W.H. McLeod

Dedicated scholar of Sikhism

by Roopinder Singh

W H McLeod

W H McLeod

W.H. McLeod came to Punjab, studied and taught here, went back to New Zealand and remained in touch with the land, its people and much more so, with their faith. With his death on July 20, we lost one of the foremost scholars of Sikhism. McLeod was born in New Zealand 1935. He grew up on a farm and his father was active in local politics in Feilding, where he made his home, with his wife Margaret in the last decades of his life.

Hew, as he liked to be called, started his academic journey via evangelism. He had earned his MA from the University of New Zealand in 1955, and as he says in his autobiography, Discovering the Sikhs: Autobiography of a Historian: “When I first arrived in India in 1958, I proceeded to the Punjab to take up a teaching appointment. Living in the Punjab I followed my interests from university days which meant that I would take up the history of the area. But what variety of history appealed to me? …. I devoted my nine years in the Punjab, first to learning the elements of Sikh history and then to pursuing research in the subject. Since then the interest has persisted unabated and doubtless will continue until the day I die.”
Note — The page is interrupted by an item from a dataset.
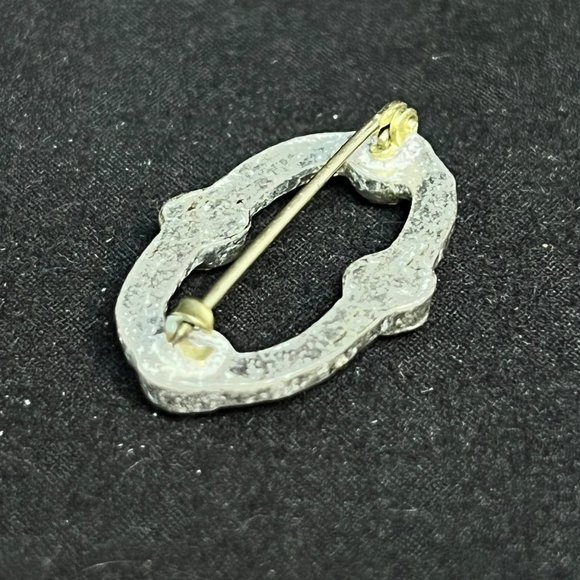 Antique Oval Silver Tone Rhinestone Brooch With Wide C Clasp (3474) - Picture 6 of 6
He learnt Punjabi, delved into manuscripts, interacted with scholars like Professor Ganda Singh and Prof Harbans Singh, and wrote a thesis for which he was given a PhD by the University of London in 1965.

It was published as, Guru Nanak and the Sikh Religion in 1968. His other prominent books include Early Sikh Tradition: A Study of the Janamsakhis (1980) and Who is a Sikh? The Problem of Sikh Identity (1989), both published by the Clarendon Press, Oxford, The Chaupa Singh Rahinama (1987), University of Otago Press, Dunedin, and of course his autobiography which came out in 2004. He faced much controversy when his views clashed with traditions, but he kept at his tasks and produced a formidable body of work.
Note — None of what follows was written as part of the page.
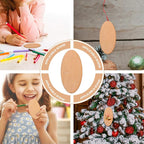 EXCEART 20 Pack Unfinished Oval Wooden Slices 3.14 X 1.57 X 0.07 Inch - Image 9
McLeod re-joined to the History Department of the University of Otago in Duned, New Zealand, where he remained until his retirement in 1998, after which he was appointed emeritus professor. He played a prominent role in establishing Sikh studies as an academic discipline outside India, especially in the USA and Canada, and in his own university. Many of the prominent scholars of Sikhism in the West are either his students, or he played a role in their selection for the positions they hold.

Before his death, New Zealand TV broadcast a documentary, Hew McLeod: A Kiwi Sikh Historian, directed by Jasmine Pujji, a Punjabi immigrant and journalist who lives in New Zealand.

Hew was an unfailing kind person, soft-spoken and generous with the encouragement he gave to those who sought his advice. He was indeed scholar extraordinary whose research and scholarship will be useful to scholars and lay people as they seek to understand the Sikh religion and culture.